Hi, I'm Sarah!
I'm a journalist and fact-checker.
I am a freelance journalist interested in many things, but who finds myself recently drawn toward stories about immigration, health and disability, and the intersection of religion and politics. My work has appeared in Mother Jones and all over Ohio, including The Columbus Dispatch and NBC4 in Columbus, and has been republished in USA Today, LGBTQ Nation, and Them, among other places. My favorite stories to tell are the ones found downstream from decisions and power-plays—where policy meets practice. I also love tackling public records dumps, digging through dusty archives (both analog and digital), and decoding legal policies and procedures.

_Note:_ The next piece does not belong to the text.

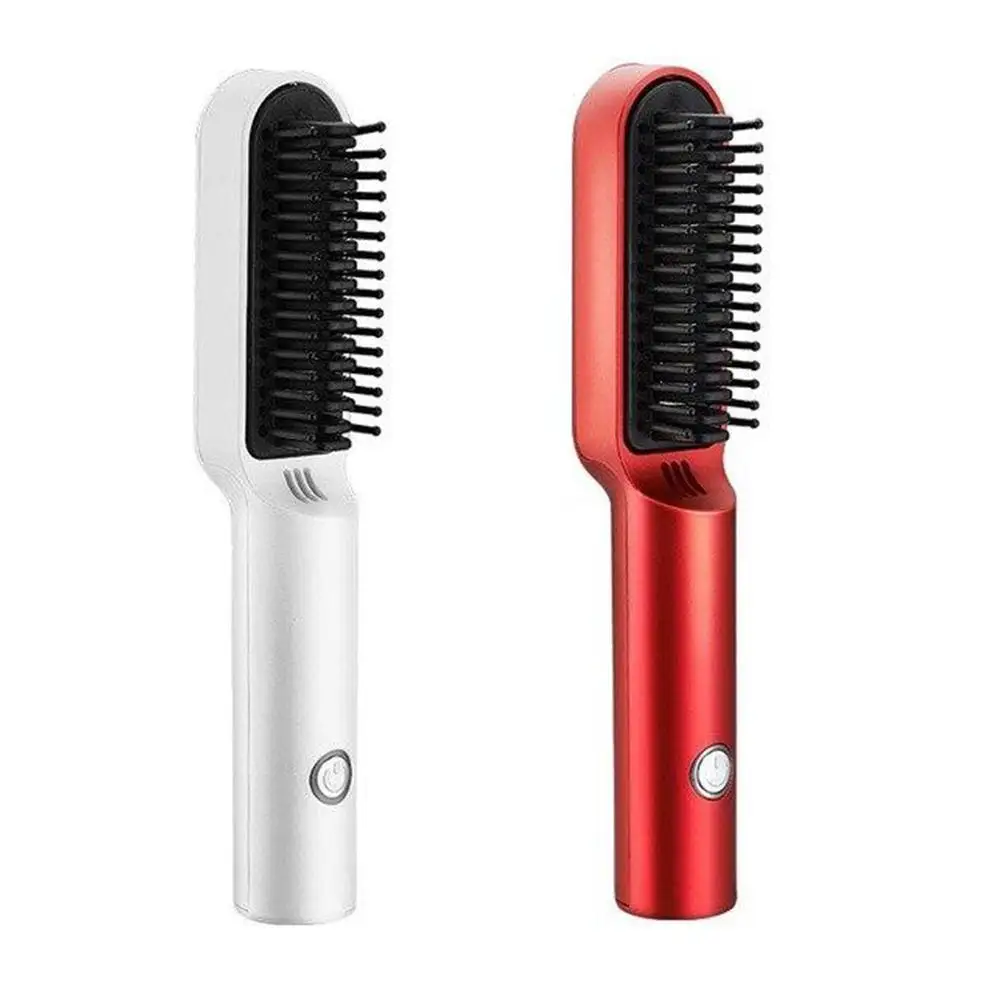 

USB Wireless Hair Straightener Comb Straight And Curling Dual-purpose Ceramic Hair Straightener Portable Charging Curling Iron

Most recently, I was an editorial fellow at The Center for Investigative Reporting, where I fact-checked some of the most sensitive investigations from Mother Jones magazine and the Reveal podcast and reported on education, gender and reproductive health, and Christian nationalism, often through a Midwestern or Ohio lens. Prior to that, I was a digital reporter at NBC4 in Columbus, covering K-12 and higher education, local and state politics, state courts, and elections.
For four years until I left Columbus media, I doggedly covered Ohio State University's lengthy legal battle with men who were sexually abused by Dr. Richard Strauss, during which I forged deep and trusting relationships with survivors, tracked a complex and sprawling series of lawsuits, and uncovered the university's lobbying efforts against bills to hold it financially responsible. In my transition from college journalist to local reporter, I also built on a body of work covering police misconduct, from fatal shootings of civilians to large-scale protests and the closed-door legislating that shielded police from accountability. I plan to continue reporting on both police violence and gender-based violence—and the institutional betrayal that follows—as a graduate student at New York University this fall.